The federated mechanism works by dividing NameNodes into different namespaces and numbering them (think of this as C,D,E disks on a computer, etc.). Different namespaces don’t interfere with each other. Create a directory in the DataNode that corresponds to the number of the namespace. Thus, data with the same number is managed by the corresponding namespace. Of course, in order to avoid the single point of failure problem, the high availability scheme is still adopted.

HDFS2 architecture

As a result, HDFS has solved the single point of failure and memory limitations, and HDFS1 has entered the era of HDFS2, which is the version we often use today, and is relatively stable.

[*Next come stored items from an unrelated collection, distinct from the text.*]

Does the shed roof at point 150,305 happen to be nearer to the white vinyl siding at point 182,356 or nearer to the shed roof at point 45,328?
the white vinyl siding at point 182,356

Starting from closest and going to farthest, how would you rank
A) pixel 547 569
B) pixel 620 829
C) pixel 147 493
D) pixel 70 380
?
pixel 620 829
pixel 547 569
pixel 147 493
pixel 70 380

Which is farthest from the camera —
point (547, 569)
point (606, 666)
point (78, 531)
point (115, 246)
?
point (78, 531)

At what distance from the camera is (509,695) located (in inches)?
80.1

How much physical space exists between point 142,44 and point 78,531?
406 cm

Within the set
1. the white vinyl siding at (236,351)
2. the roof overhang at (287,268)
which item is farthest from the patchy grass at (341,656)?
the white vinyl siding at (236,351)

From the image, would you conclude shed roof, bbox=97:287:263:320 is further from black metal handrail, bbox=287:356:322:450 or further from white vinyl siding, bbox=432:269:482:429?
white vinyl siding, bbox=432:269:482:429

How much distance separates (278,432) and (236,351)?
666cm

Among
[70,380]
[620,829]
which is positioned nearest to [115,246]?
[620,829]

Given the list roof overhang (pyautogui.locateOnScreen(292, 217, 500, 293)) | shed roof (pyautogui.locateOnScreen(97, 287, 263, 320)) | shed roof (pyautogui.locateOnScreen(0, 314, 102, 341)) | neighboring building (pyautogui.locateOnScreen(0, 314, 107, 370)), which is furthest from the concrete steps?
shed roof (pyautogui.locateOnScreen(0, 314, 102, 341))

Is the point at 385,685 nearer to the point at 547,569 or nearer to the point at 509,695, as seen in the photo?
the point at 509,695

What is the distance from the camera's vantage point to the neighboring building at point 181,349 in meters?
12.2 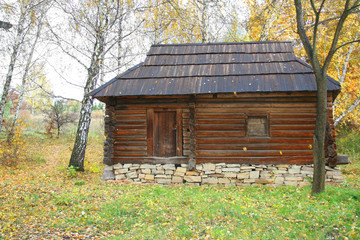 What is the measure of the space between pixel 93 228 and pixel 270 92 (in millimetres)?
6269

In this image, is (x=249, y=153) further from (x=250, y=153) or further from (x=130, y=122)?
(x=130, y=122)

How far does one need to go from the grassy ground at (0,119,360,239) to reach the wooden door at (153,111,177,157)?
124cm

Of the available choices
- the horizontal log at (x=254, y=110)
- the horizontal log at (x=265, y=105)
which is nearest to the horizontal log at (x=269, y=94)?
the horizontal log at (x=265, y=105)

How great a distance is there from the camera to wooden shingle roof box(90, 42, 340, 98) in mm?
8281

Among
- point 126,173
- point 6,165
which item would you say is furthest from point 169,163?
point 6,165

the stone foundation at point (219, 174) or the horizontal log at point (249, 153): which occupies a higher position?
the horizontal log at point (249, 153)

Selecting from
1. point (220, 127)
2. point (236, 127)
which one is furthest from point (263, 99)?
point (220, 127)

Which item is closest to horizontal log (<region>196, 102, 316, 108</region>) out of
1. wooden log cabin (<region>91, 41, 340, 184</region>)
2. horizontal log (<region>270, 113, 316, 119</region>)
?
wooden log cabin (<region>91, 41, 340, 184</region>)

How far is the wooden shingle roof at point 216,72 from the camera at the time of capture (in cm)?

  • HA Solution (High Available)

Solve HDFS1 NameNode single point of failure.

  • The federal program

Fixed HDFS1 memory limitations.

HDFS3 architecture

As for HDFS3, it optimizes HA scheme on the basis of HDFS2, and adds erasure code technology.

  • The HA schema supports multiple NameNodes
  • Introducing erasure code technology (EC)

The HA solution has been optimized to support multiple NameNodes, making the production environment a little more reliable. The background of erasure code technology is that the storage overhead of 3 replicas in HDFS is too large in some scenarios. For example, the storage of some cold data in three copies is a waste of cost. Thus, a natural improvement would be to use erasure codes (EC) instead of replicas, which provide the same level of fault tolerance, but with much less storage. In a typical erasure code (EC) setup, storage overhead is no more than 50%. The replicators of EC files are meaningless. It is always 1 and cannot be changed with the -setorp command.

With the addition of erasure code technology, HDFS3 not only improves the storage efficiency, but also maintains the characteristics of data persistence.